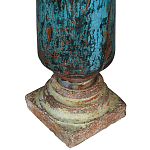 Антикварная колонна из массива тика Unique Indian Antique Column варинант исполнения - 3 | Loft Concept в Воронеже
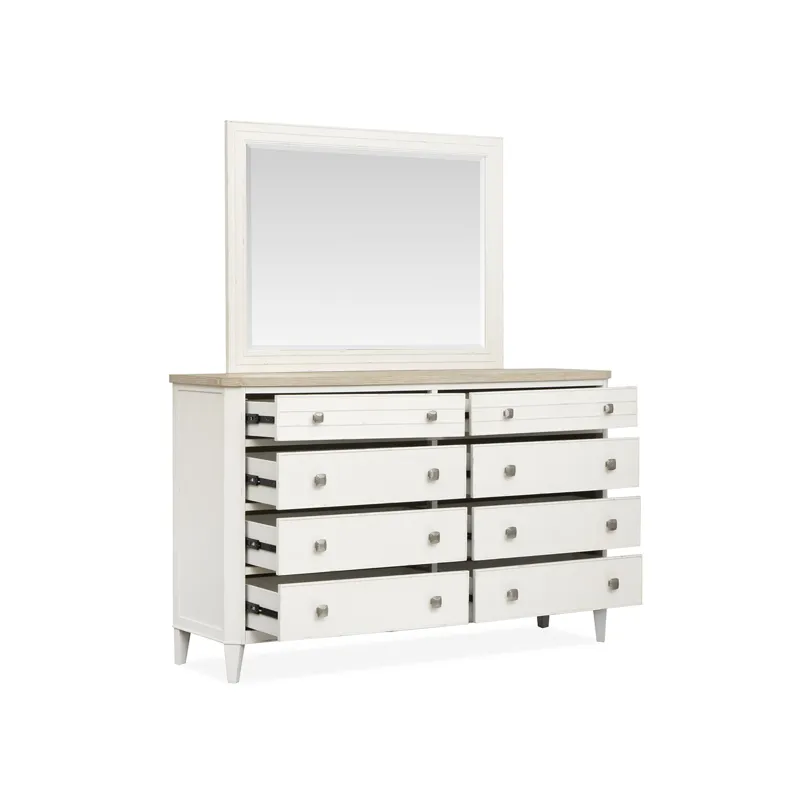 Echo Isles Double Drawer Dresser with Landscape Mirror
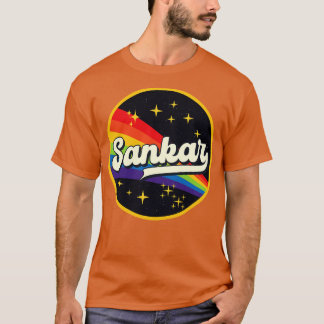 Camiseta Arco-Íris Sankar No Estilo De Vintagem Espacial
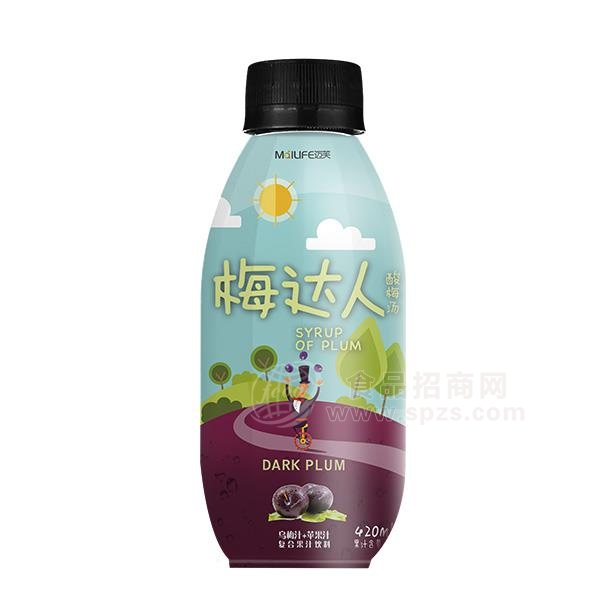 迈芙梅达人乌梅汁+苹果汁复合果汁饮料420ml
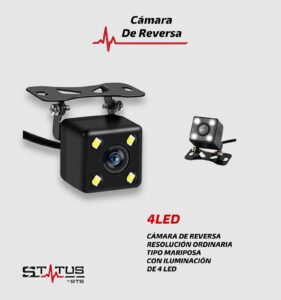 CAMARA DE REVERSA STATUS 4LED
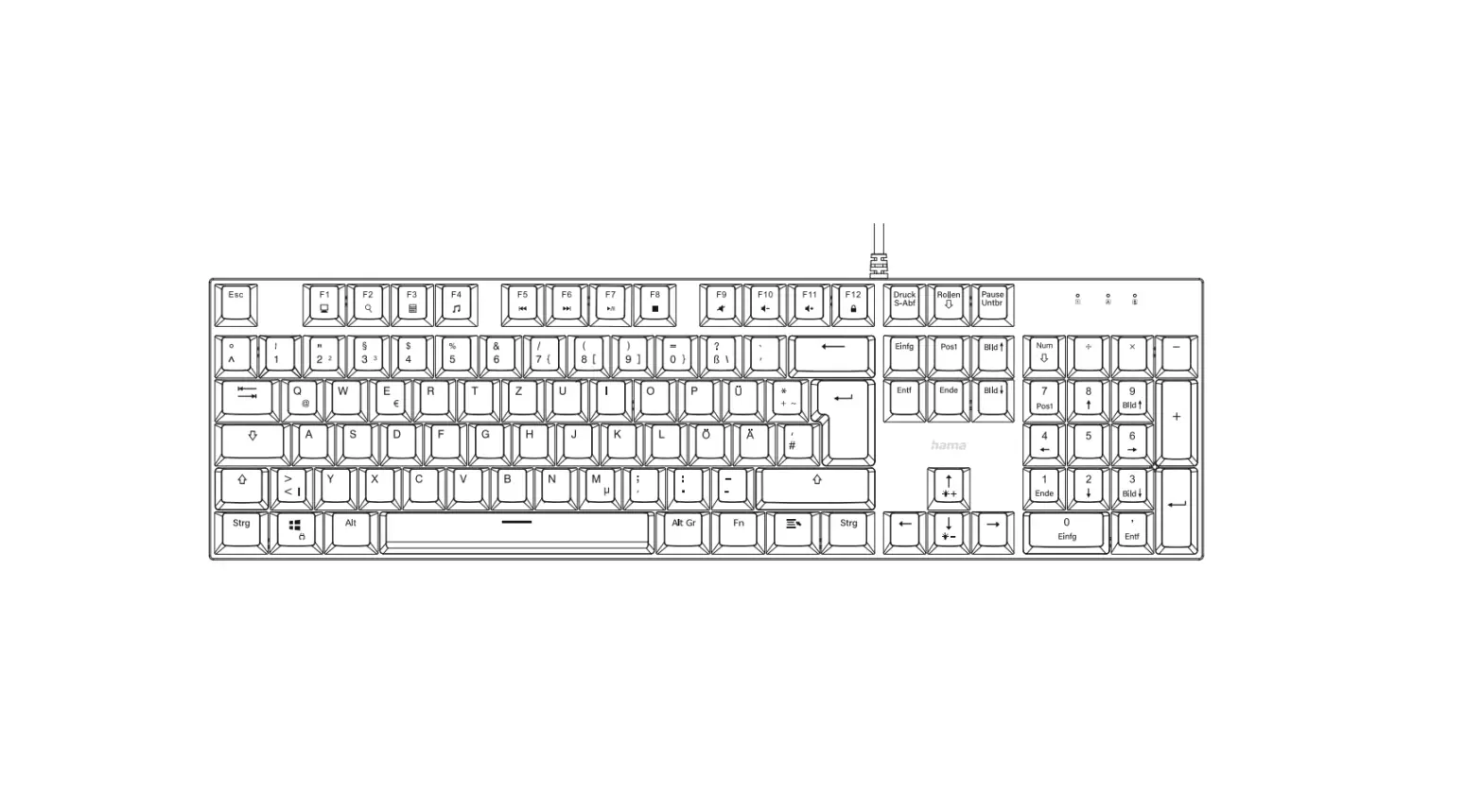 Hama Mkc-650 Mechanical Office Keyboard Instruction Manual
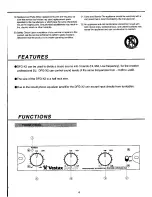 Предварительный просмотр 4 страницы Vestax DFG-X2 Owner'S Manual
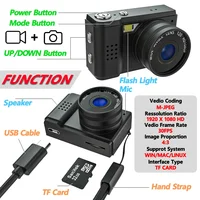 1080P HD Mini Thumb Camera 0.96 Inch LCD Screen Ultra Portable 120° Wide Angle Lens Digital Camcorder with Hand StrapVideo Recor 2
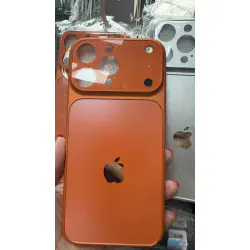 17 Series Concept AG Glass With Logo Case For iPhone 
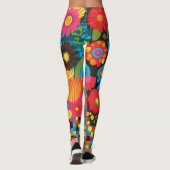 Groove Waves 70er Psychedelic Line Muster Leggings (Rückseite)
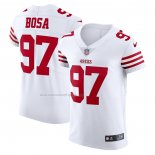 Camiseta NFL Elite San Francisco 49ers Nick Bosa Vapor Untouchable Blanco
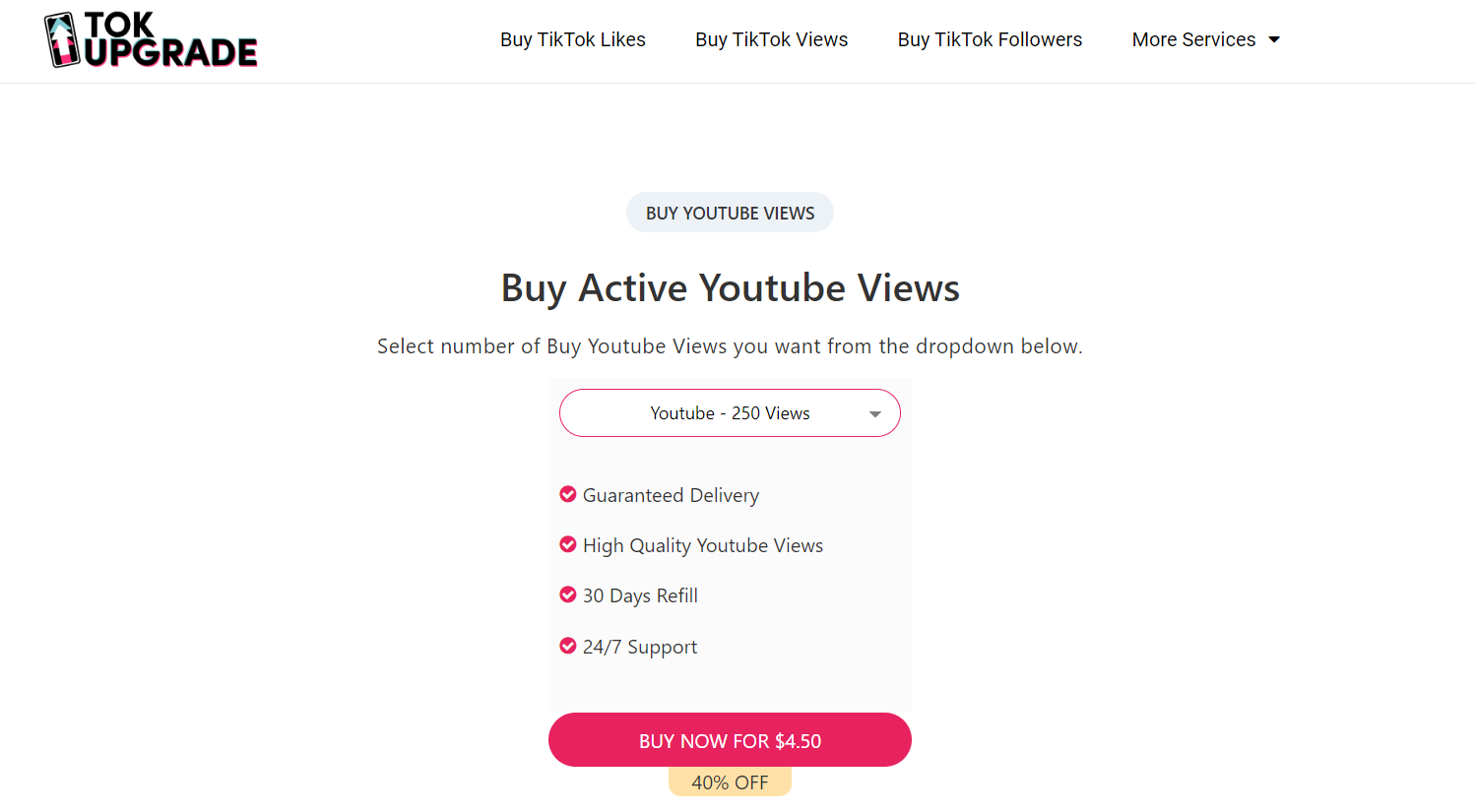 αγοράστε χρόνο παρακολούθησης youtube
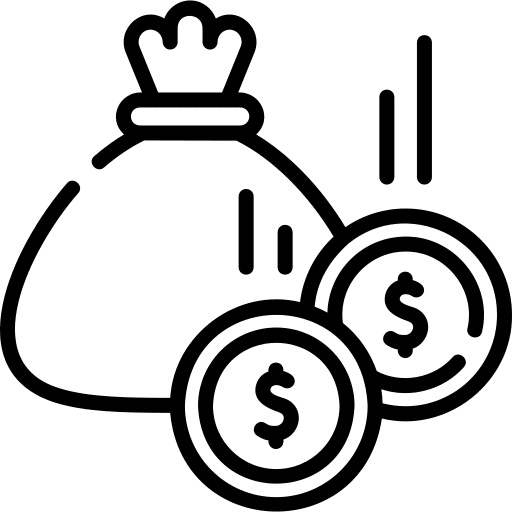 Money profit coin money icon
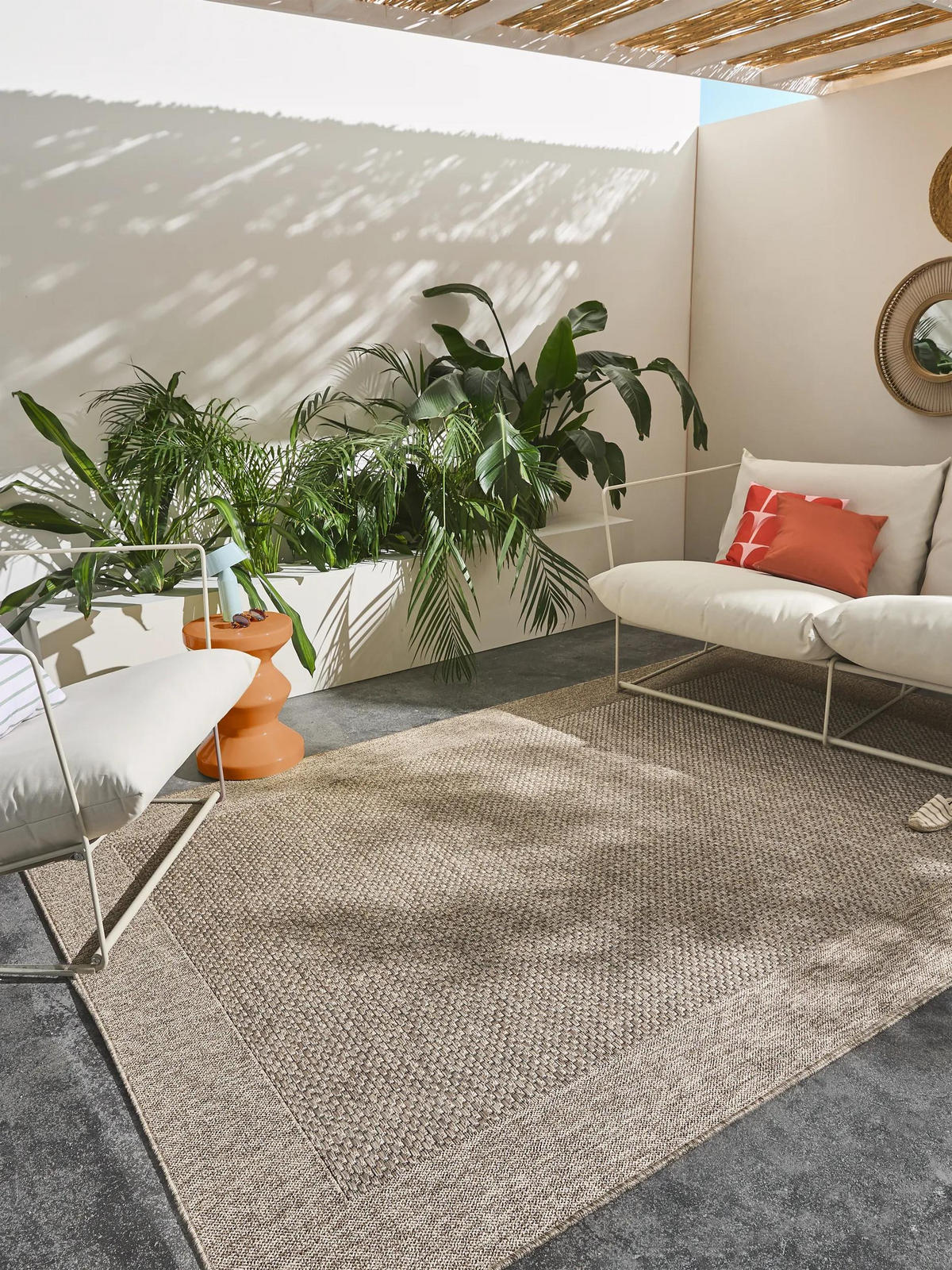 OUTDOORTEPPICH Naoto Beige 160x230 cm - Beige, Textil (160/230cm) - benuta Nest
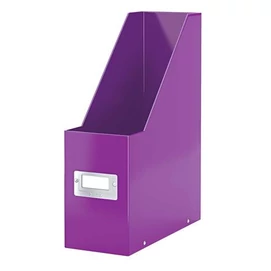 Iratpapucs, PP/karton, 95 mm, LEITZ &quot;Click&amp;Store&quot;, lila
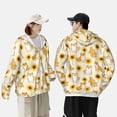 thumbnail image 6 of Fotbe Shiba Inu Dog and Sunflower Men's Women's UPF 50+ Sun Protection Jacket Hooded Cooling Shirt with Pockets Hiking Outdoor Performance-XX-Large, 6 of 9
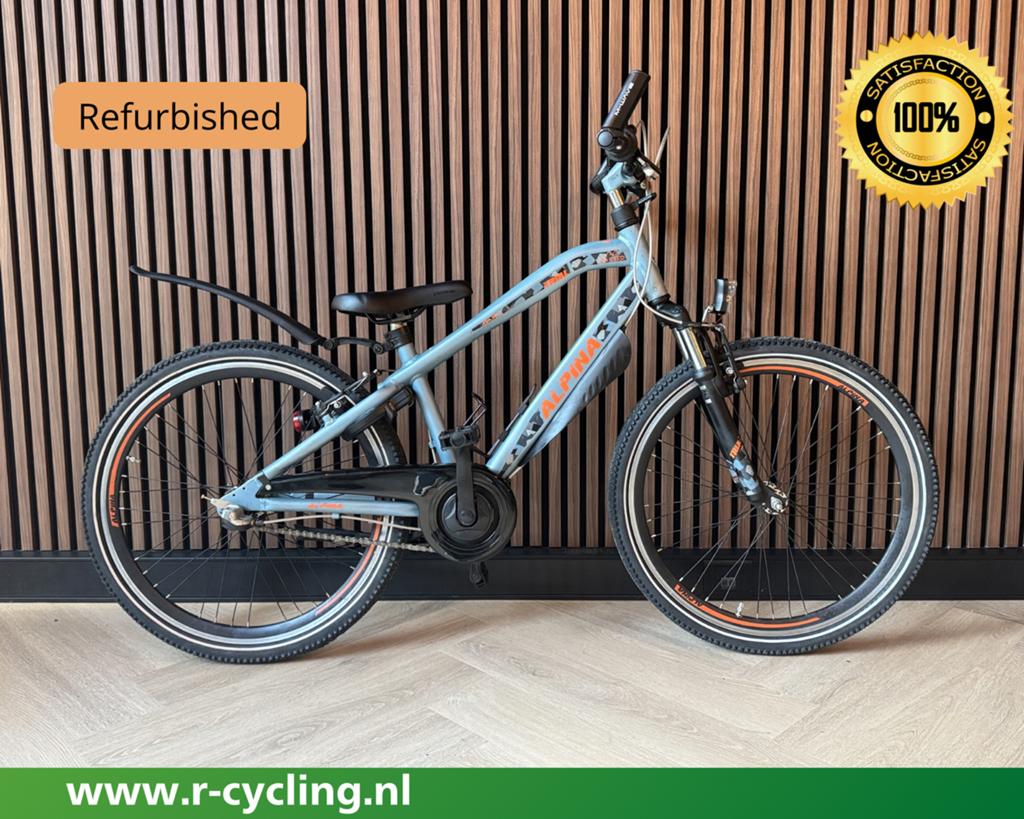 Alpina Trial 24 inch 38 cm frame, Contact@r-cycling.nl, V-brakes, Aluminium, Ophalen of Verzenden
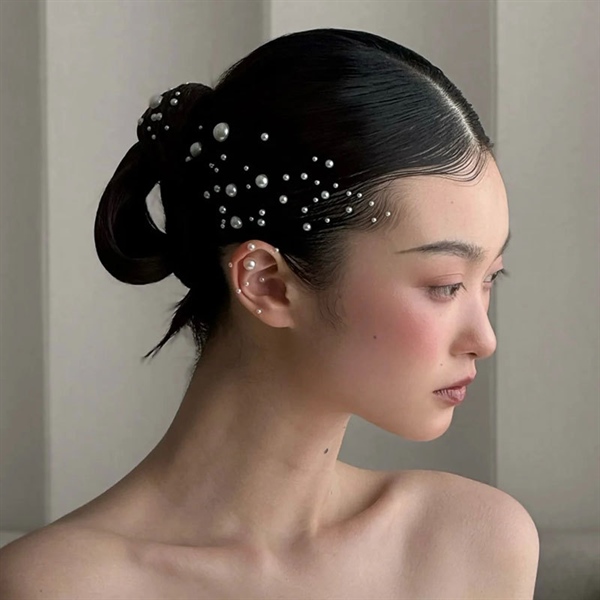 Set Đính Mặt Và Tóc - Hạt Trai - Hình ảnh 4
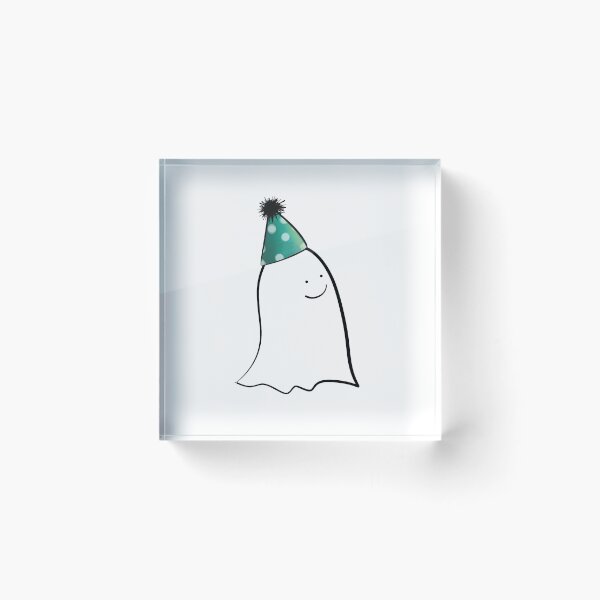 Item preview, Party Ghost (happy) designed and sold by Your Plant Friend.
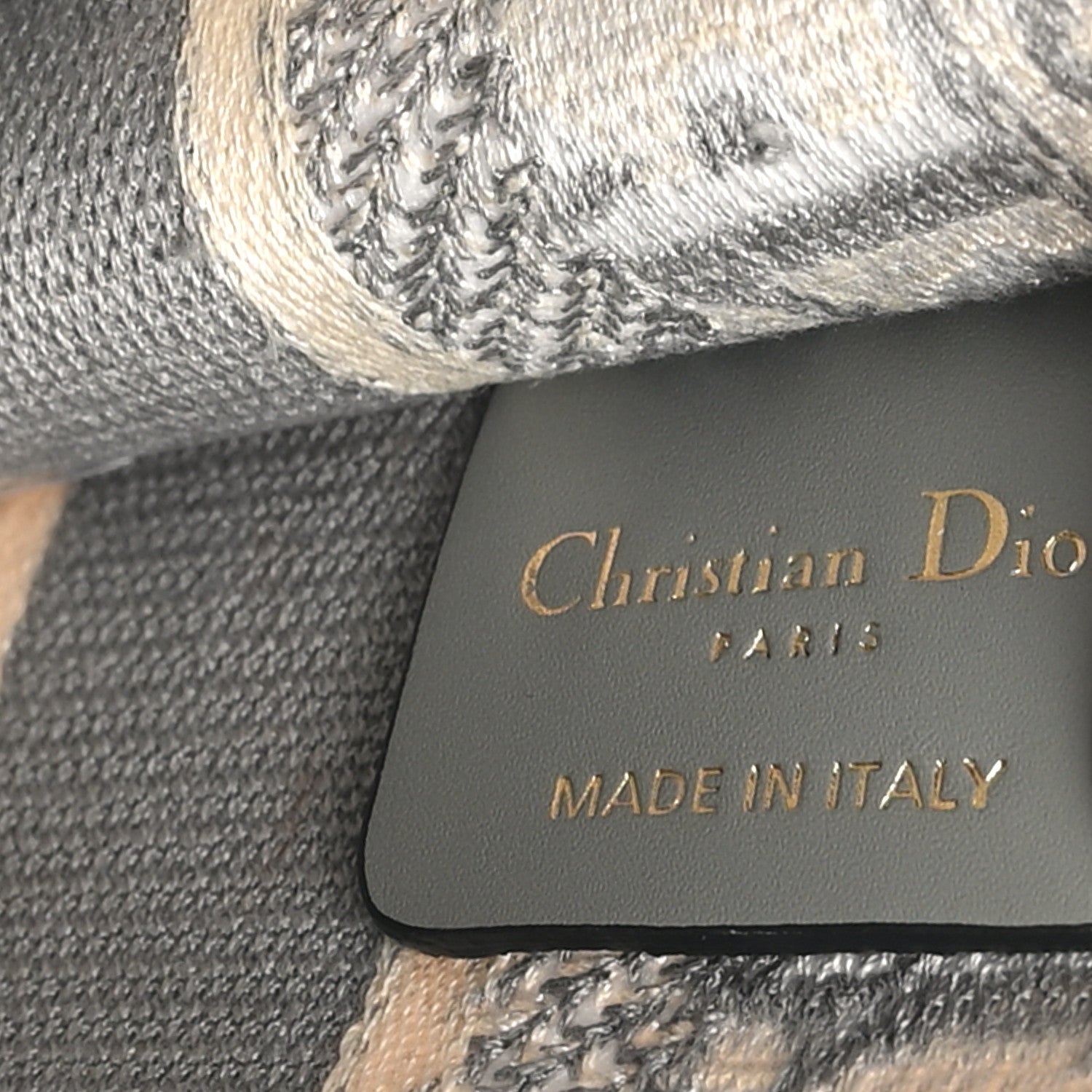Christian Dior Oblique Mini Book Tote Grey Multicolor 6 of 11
....................
## [Task brief]
Your task is to retype, exactly and only, the lines from the line holding "Item preview, Party" through the final line of the data above, with both ends kept. Drop the pictures.

## [The completed task]
 Item preview, Party Ghost (happy) designed and sold by Your Plant Friend.
Christian Dior Oblique Mini Book Tote Grey Multicolor 6 of 11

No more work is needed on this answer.